### Task
In the records below, repeat exactly the lines between the line holding "Snailax Full Body" and the line holding "Apartamento, 3 quartos, 225 m² - Foto 1", inclusive, and drop the pictures.
[[ Data section, beginning ]]
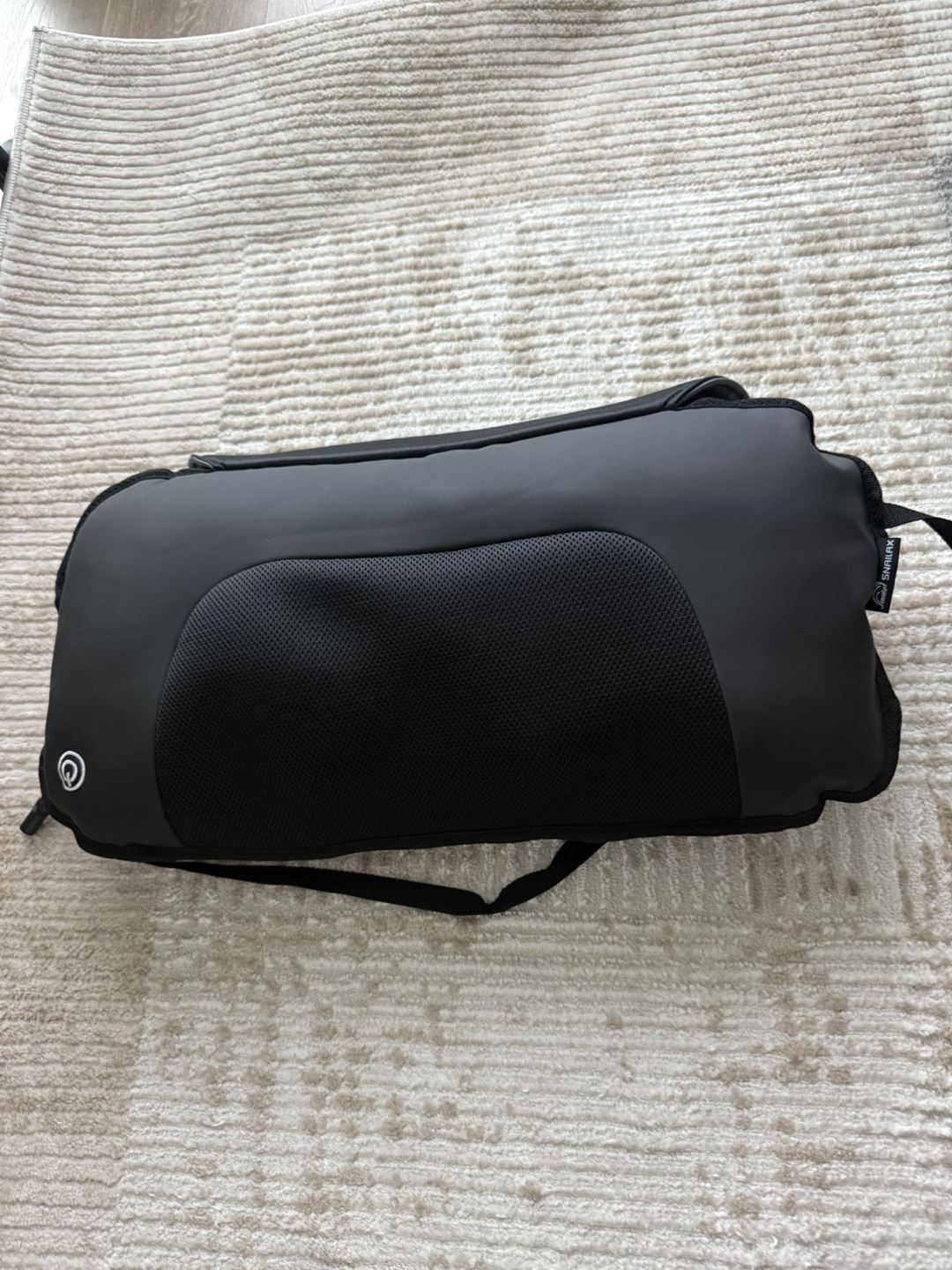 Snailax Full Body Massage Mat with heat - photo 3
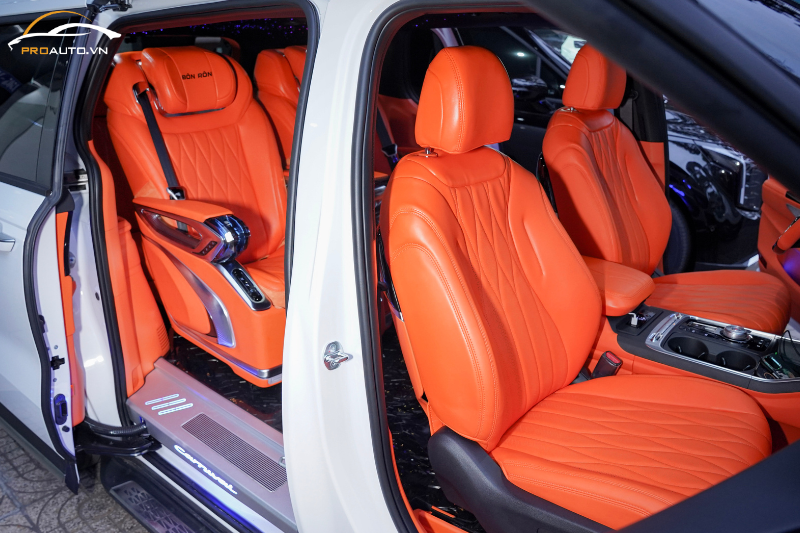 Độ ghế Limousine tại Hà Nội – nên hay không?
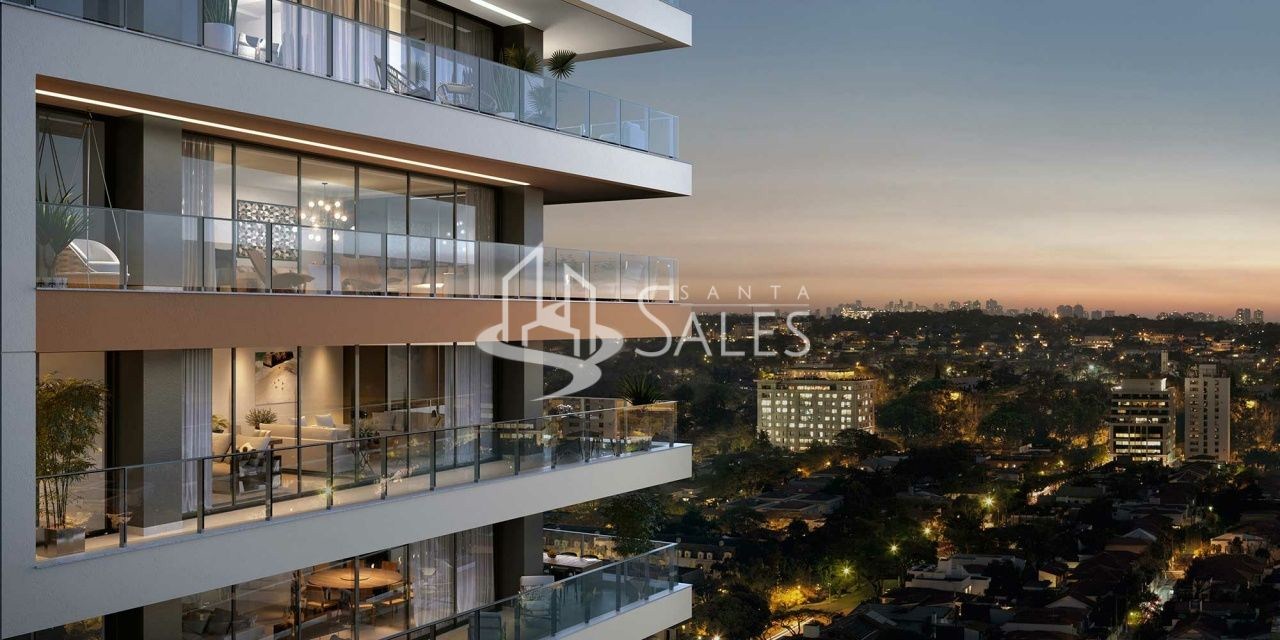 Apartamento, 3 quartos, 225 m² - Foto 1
[[ Data section, end ]]
[[ Data section, beginning ]]
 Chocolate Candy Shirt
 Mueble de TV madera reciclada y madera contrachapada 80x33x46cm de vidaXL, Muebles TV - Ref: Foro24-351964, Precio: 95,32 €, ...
[[ Data section, end ]]
### Answer
 Snailax Full Body Massage Mat with heat - photo 3
 Độ ghế Limousine tại Hà Nội – nên hay không?
 Apartamento, 3 quartos, 225 m² - Foto 1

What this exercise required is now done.